▶ Work to be completed
Below are the records; give again exactly the lines from the one containing "Jollein 3 Pack" through the one containing "Papier ksero Crelando", leaving out pictures.

▶ Supplied records
★ ★ ★

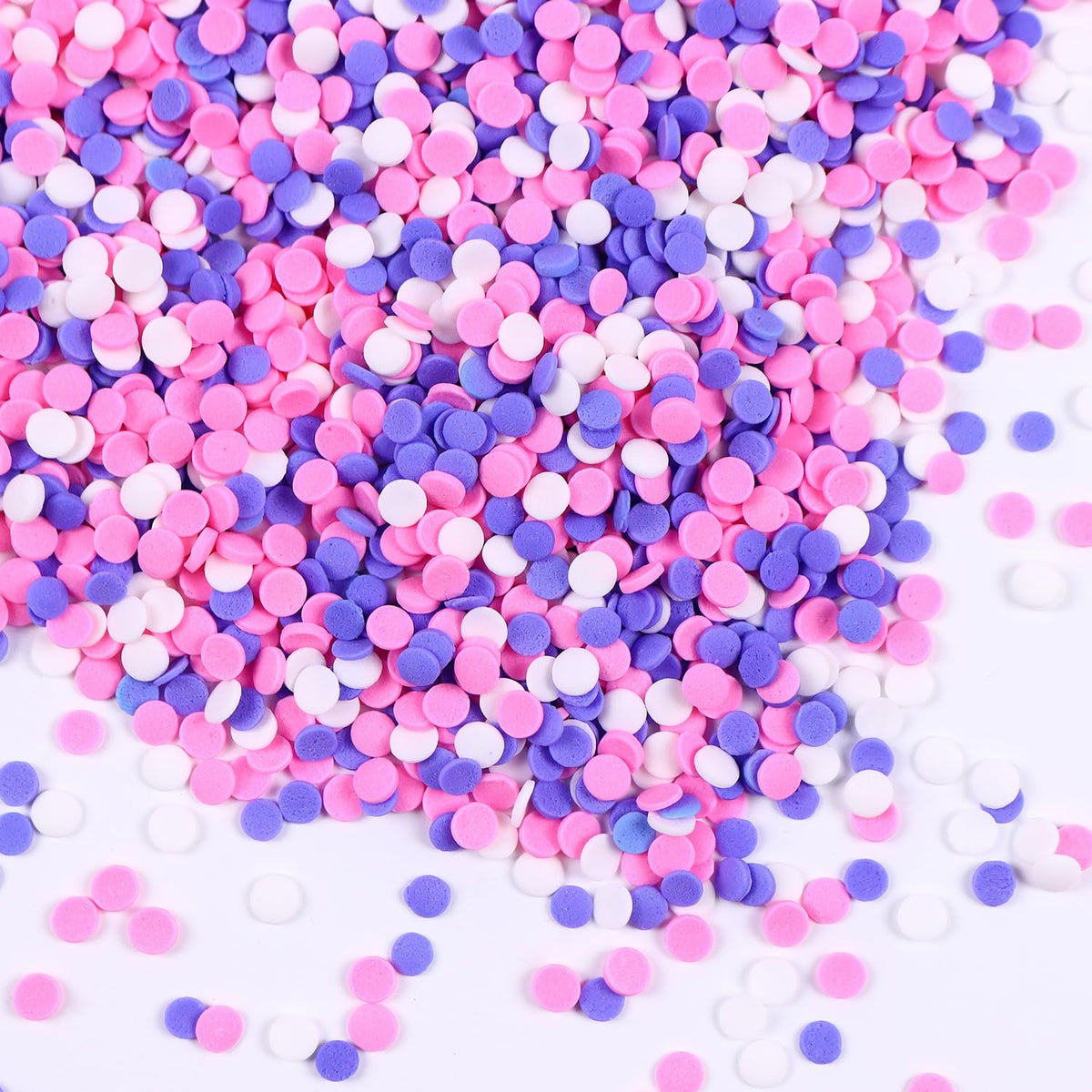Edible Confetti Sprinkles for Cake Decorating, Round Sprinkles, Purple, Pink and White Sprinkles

★ ★ ★

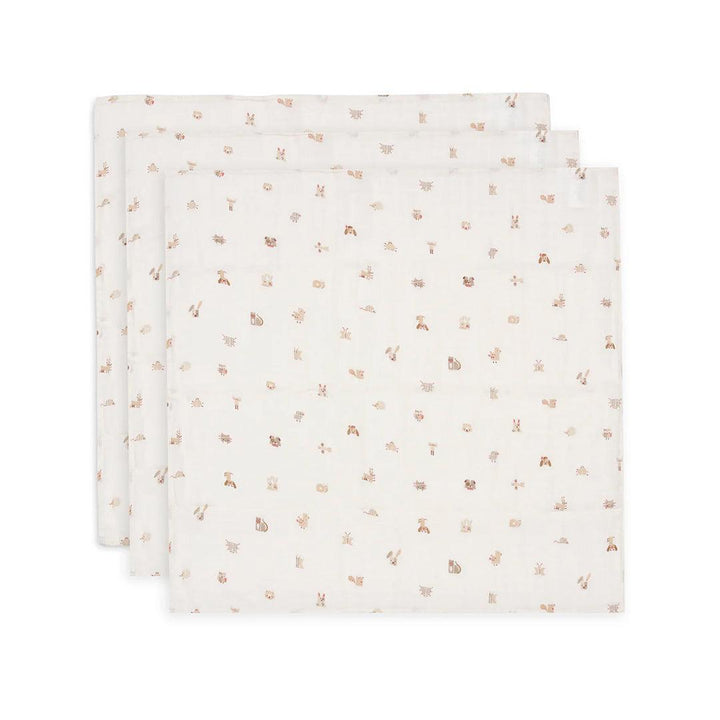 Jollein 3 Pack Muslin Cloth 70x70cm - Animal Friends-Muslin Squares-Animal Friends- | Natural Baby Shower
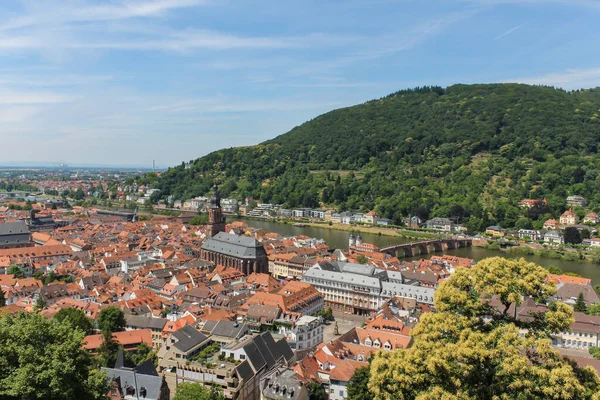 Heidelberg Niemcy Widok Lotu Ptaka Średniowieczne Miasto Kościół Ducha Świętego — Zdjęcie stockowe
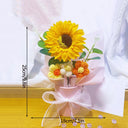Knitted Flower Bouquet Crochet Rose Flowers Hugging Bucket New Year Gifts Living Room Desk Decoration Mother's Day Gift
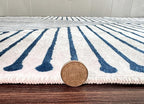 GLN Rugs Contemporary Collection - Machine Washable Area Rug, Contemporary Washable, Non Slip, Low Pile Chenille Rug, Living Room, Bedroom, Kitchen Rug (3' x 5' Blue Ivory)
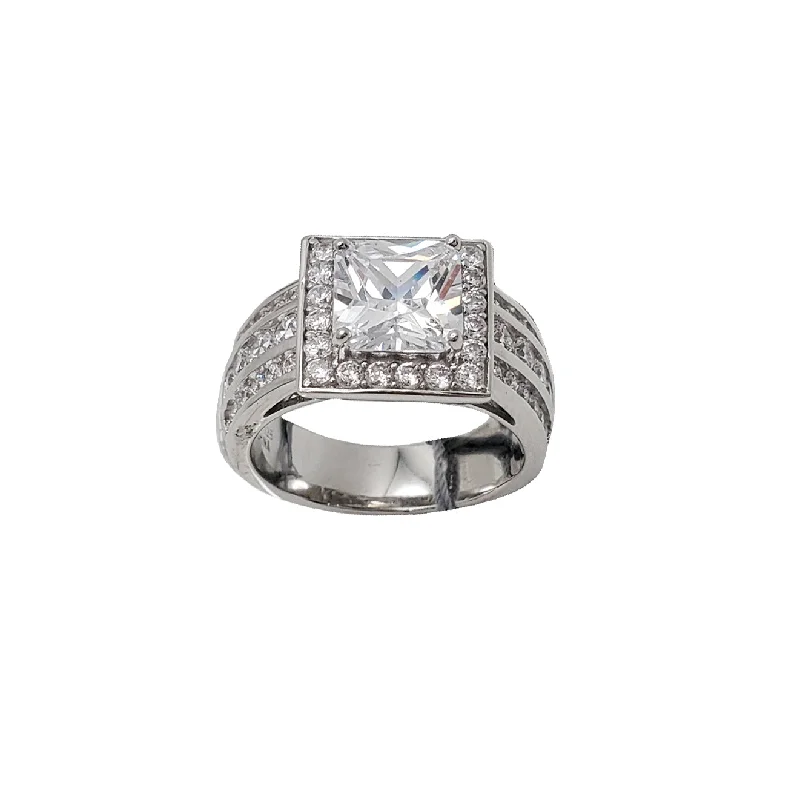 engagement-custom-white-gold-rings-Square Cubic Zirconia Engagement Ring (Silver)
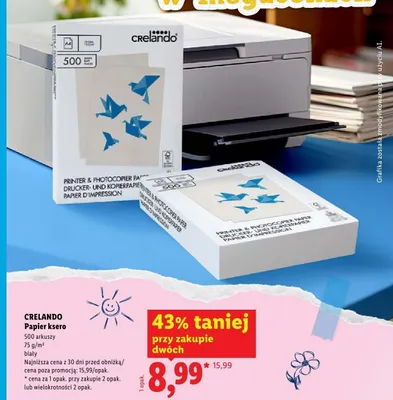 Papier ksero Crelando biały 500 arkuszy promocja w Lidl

★ ★ ★

▶ Response to this exercise
 Jollein 3 Pack Muslin Cloth 70x70cm - Animal Friends-Muslin Squares-Animal Friends- | Natural Baby Shower
 Heidelberg Niemcy Widok Lotu Ptaka Średniowieczne Miasto Kościół Ducha Świętego — Zdjęcie stockowe
Knitted Flower Bouquet Crochet Rose Flowers Hugging Bucket New Year Gifts Living Room Desk Decoration Mother's Day Gift
 GLN Rugs Contemporary Collection - Machine Washable Area Rug, Contemporary Washable, Non Slip, Low Pile Chenille Rug, Living Room, Bedroom, Kitchen Rug (3' x 5' Blue Ivory)
 engagement-custom-white-gold-rings-Square Cubic Zirconia Engagement Ring (Silver)
 Papier ksero Crelando biały 500 arkuszy promocja w Lidl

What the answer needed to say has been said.